Another way to state your condition is that, for every $\beta \in \mathbf{F}_{2^k}$, $f(\beta)$ has trace 0 over $\mathbf{F}_2$.

For $k=5$, an example is $f(x) = x^9 - x^5$. To see that this has trace 0 for any $\beta \in \mathbf{F}_{32}$:

\begin{align*} \mathop{Tr}(\beta^9 - \beta^5) &= \mathop{Tr}(\beta^9) - \mathop{Tr}(\beta^5) \\&= (\beta^9 + \beta^{18} + \beta^{36} + \beta^{72} + \beta^{144}) - (\beta^5 + \beta^{10} + \beta^{20} + \beta^{40} + \beta^{80}) \\&= (\beta^9 + \beta^{18} + \beta^{5} + \beta^{10} + \beta^{20}) - (\beta^5 + \beta^{10} + \beta^{20} + \beta^{9} + \beta^{18}) \\&= 0 \end{align*}

In general, the condition means that

$$f(\beta) + f(\beta)^2 + \cdots + f(\beta)^{2^{k-1}} = 0$$

for every $\beta \in \mathbf{F}_{2^k}$, or equivalently,

$$f(x) + f^\sigma(x^2) + f^{\sigma^2}(x^4) + \cdots + f^{\sigma^{k-1}}(x^{2^{k-1}}) \equiv 0 \pmod{ x^{2^k} - x}$$

where $f^\sigma$ is the polynomial formed by conjugating each coefficient of $f$ by the action $u \mapsto u^2$.

We can split the powers of $x$ into orbits under the action $x \mapsto x^2 \pmod{x^{2^k} - x}$ -- i.e. writing

$$f(x) = u + h(x) (x^{2^k} - x) + \sum_m g_m(x^m)$$

where $u$ is a constant with trace 0, and each $g$ has the form

$$g(x) = \sum_{j=0}^{k-1} c_j x^{2^j}.$$

Each $g(x)$ must satisfy the constraint, and any choice of valid $g's$ gives a valid $f$. So,

$$0 \equiv \sum_{i=0}^{k-1} g^{\sigma^i}(x^{2^i}) \equiv \sum_{i=0}^{k-1} \sum_{j=0}^{k-1} c_j^{2^i} x^{2^{i+j}} = \sum_{j=0}^{k-1} x^{2^{j}} \sum_{i=0}^{k-1} c_{j-i}^{2^{i}} \pmod{x^{2^k} - x}$$

(there was a change of variable $j \mapsto j-i$) where the index on $c$ is taken modulo $k$. Each coefficient gives the same condition:

$$\sum_{i=0}^{k-1} c_{k-1-i}^{2^i} = 0$$

Now, how can we use this to find a polynomial of small, odd degree?
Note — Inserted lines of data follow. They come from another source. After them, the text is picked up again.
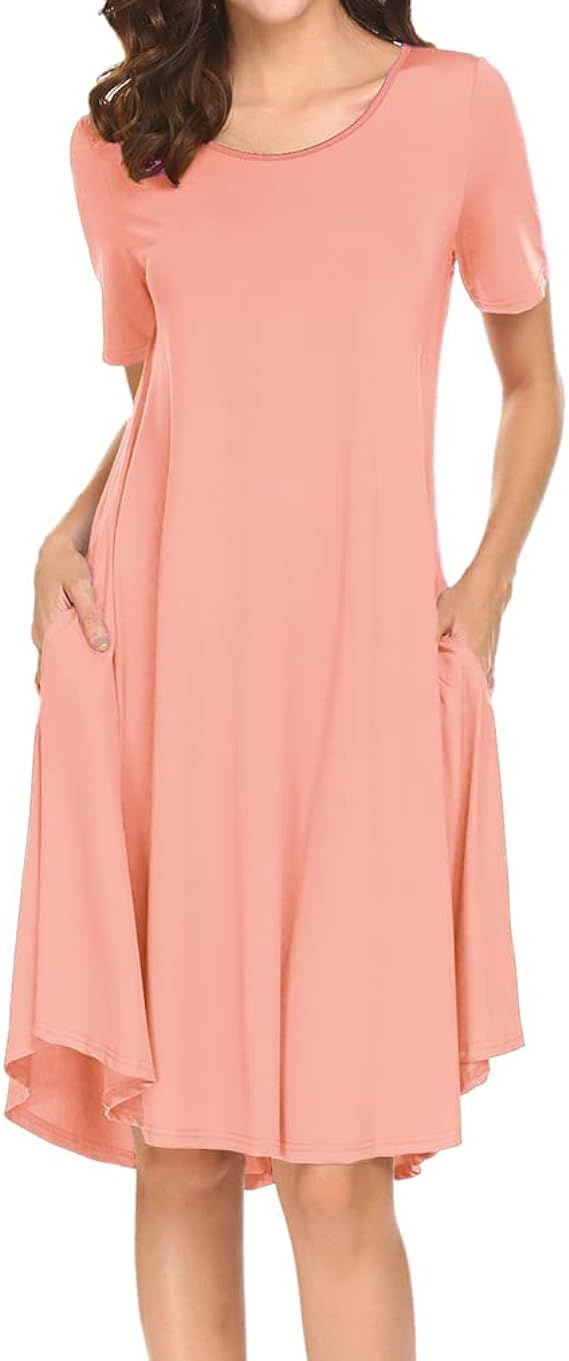 Locryz Women's Short Sleeve Pocket Swing Dress Casual Loose T-Shirt Dress | Amazon (US)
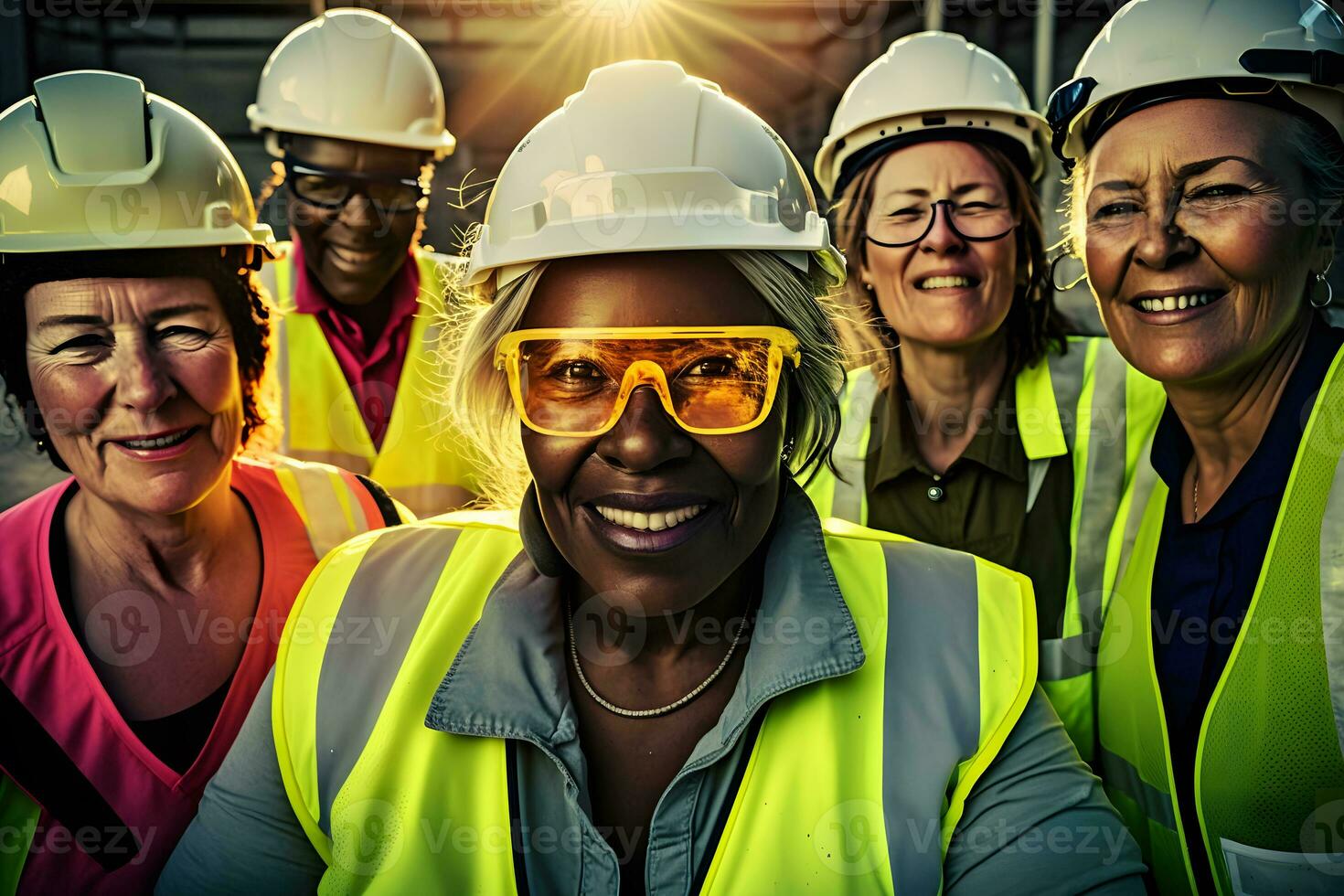 A team of female construction engineers. Female managers of different nationalities are working together. Neural network AI generated photo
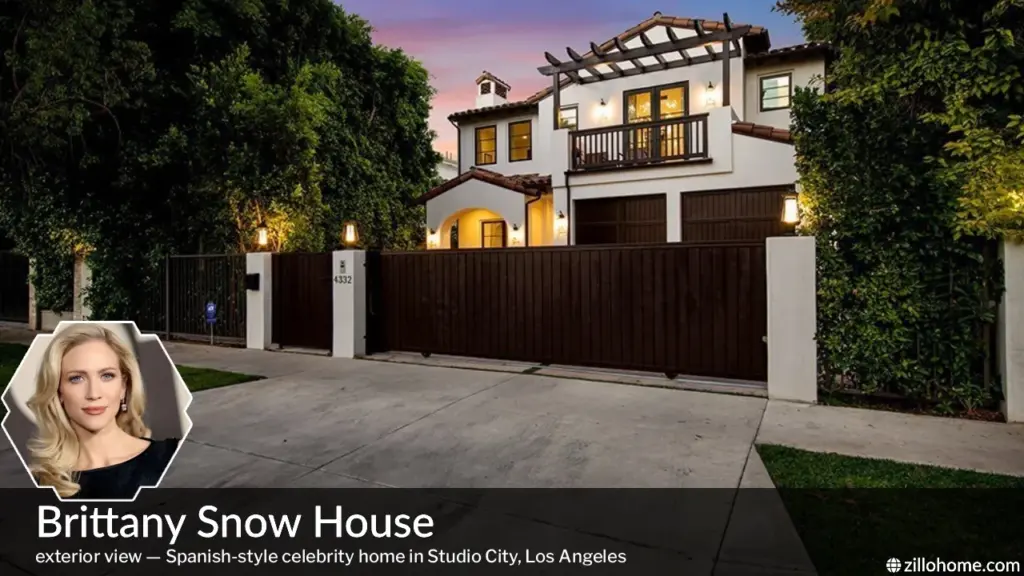 Brittany Snow House exterior view — Spanish-style celebrity home in Studio City, Los Angeles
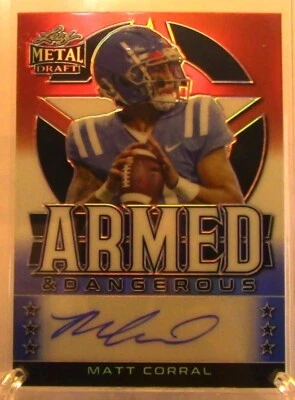 #1619 Matt Corral 2022 Leaf Metal Draft#AD-MC2 Red/Wht/Blue 2/10 Auto RC Vikings - Image 1 of 2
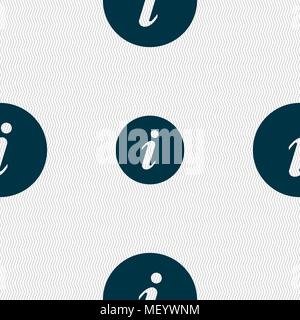 info icon sign. Seamless pattern with geometric texture. Vector illustration Stock Vector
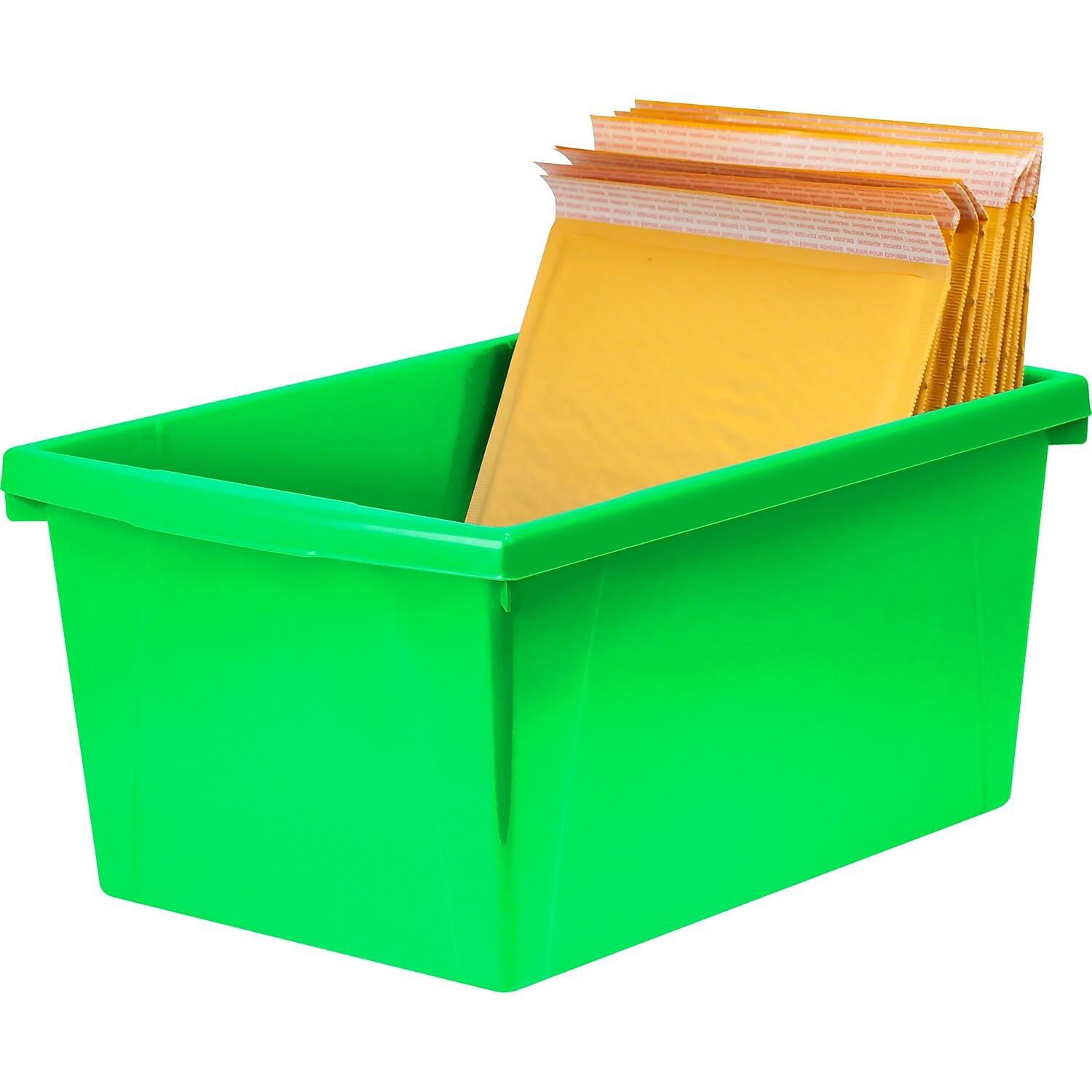 Storex 5.5 Gallon Plastic Storage Bin - Durable Classroom Organizer for Books, School Supplies & Toys (Green, 1-Pack) - Perfect for Classroom Organization, Home Storage & Kids' Room
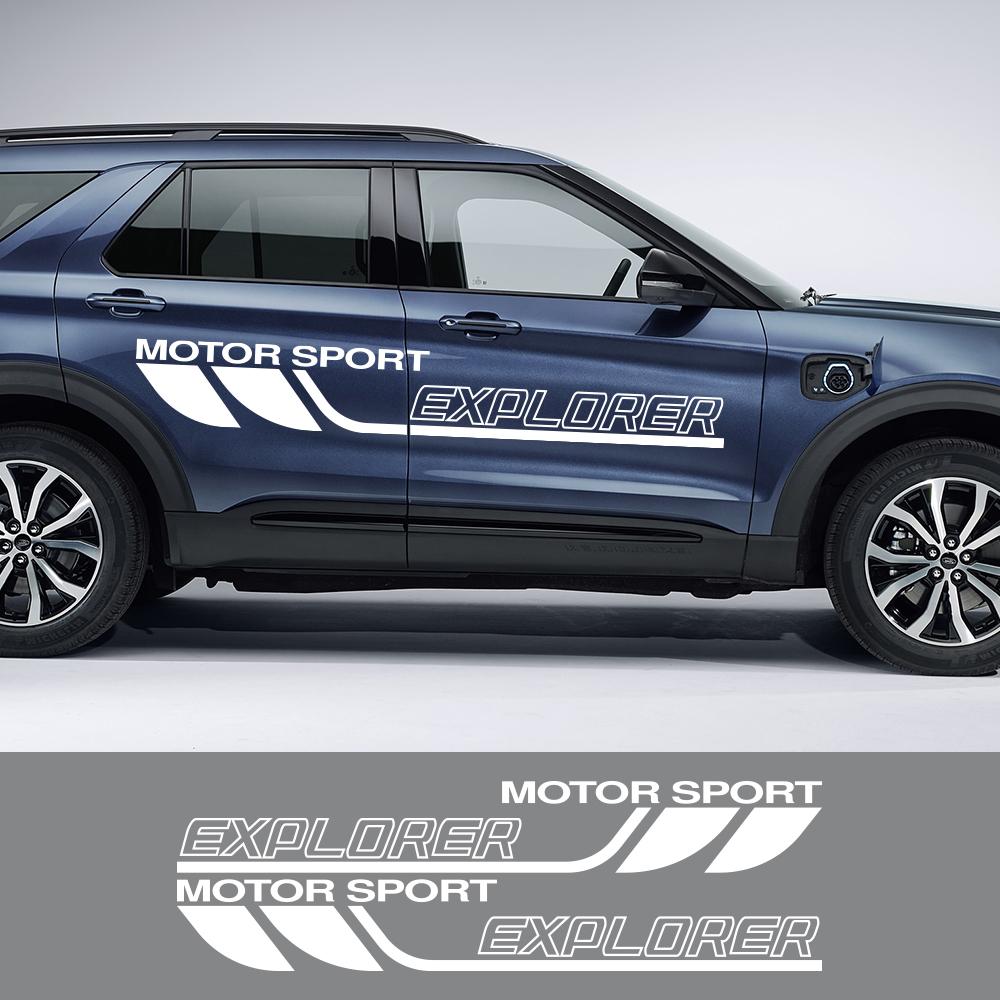 Для Ford Explorer 2 шт. гоночный автомобиль стильные боковые наклейки на дверь авто виниловая пленка наклейка тюнинг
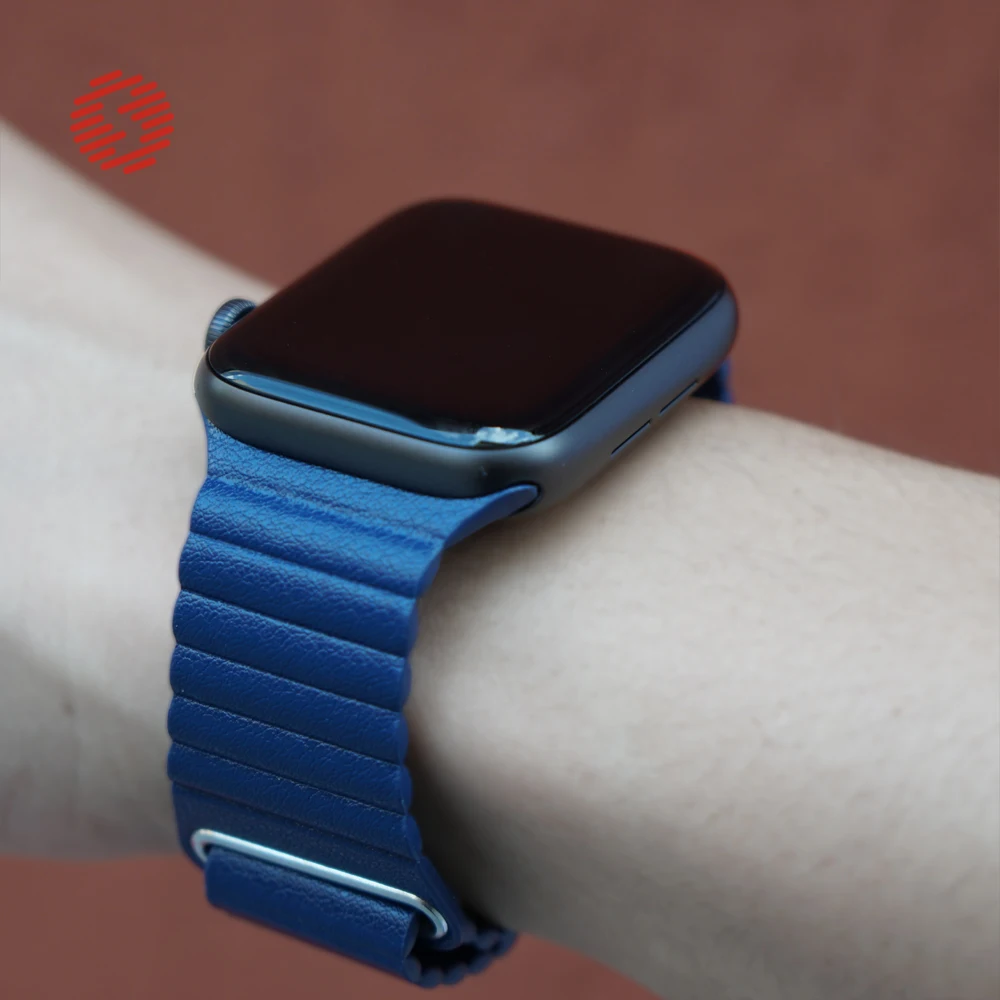 ShengOne Leather Loop Band for Apple Watch 7 6 SE 5 4 45 44 42MM Leather Magnetic Strap Wristband Bracelet 3 2 1 41 40 38MM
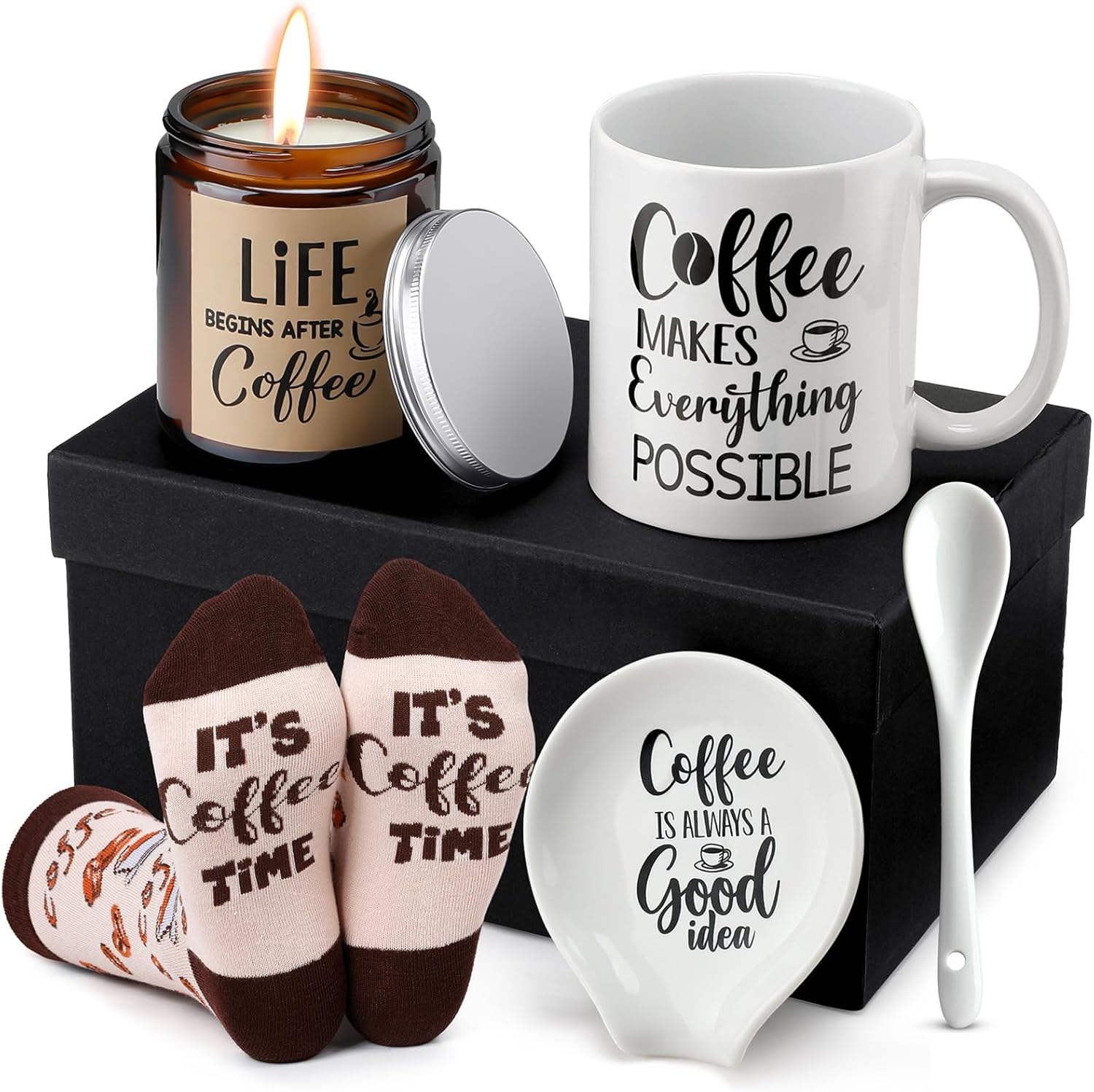 Vabean 5 Pieces Coffee Lover Gifts Set - Includes Mug and Spoon Rest Holder, Candle and Socks, Coffee Basket Valentine's Day Gift Idea for Men Women Birthday Vabean 5 Pieces Coffee Lover Gifts Set - Includes Mug and Spoon Rest Holder, Candle and Socks, Coffee Basket Valentine's Day Gift Idea for Men Women Birthday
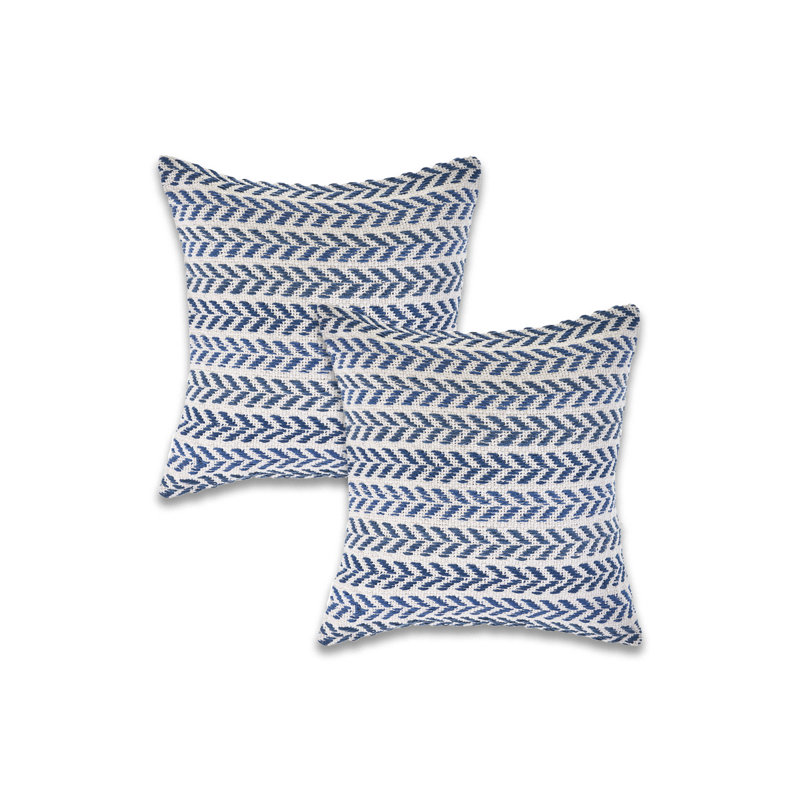 Ensemble de 2 coussins décoratifs en coton à chevrons tissés à la main, Marine, Polyester/ bourre en polyester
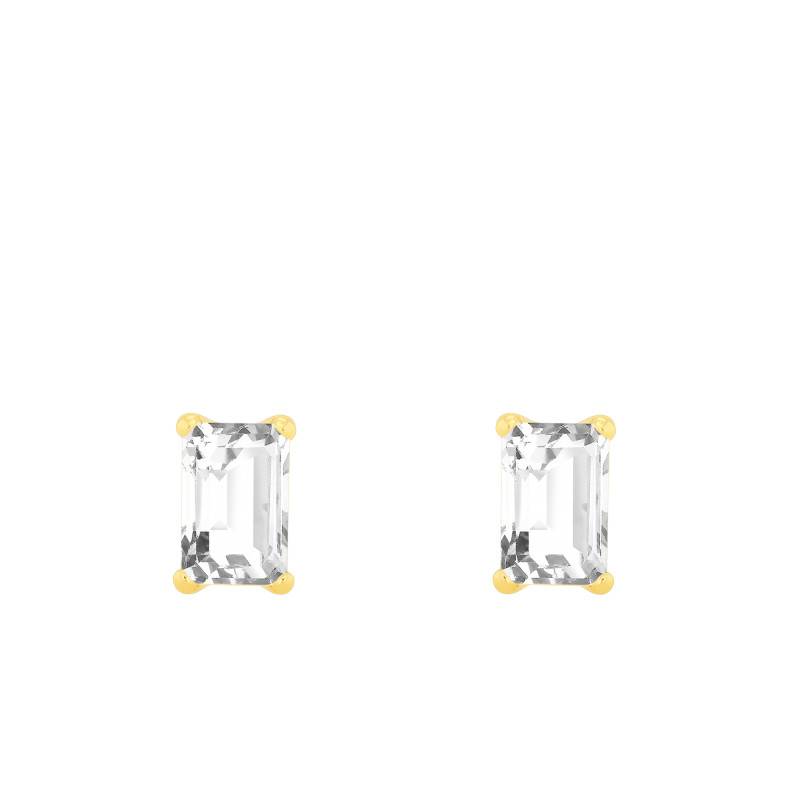 375 Yellow Gold & White Zirconium Oxide Rectangular Stud Earrings - Emanessence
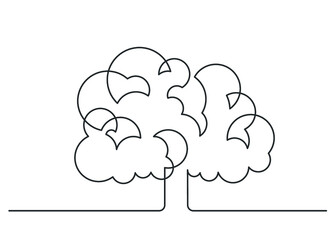 Continuous line drawing of tree in brain shape. Brain tree on white background. Vector illustration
Consider $k=5$. One of the orbits of powers of x is:

$$x^5, x^{10}, x^{20}, x^{40} \equiv x^9, x^{80} \equiv x^{18}$$

By setting the coefficients on $x^9$ and a smaller term to $1$ and the rest to $0$ will satisfy the equation. This is the example at the top of my answer.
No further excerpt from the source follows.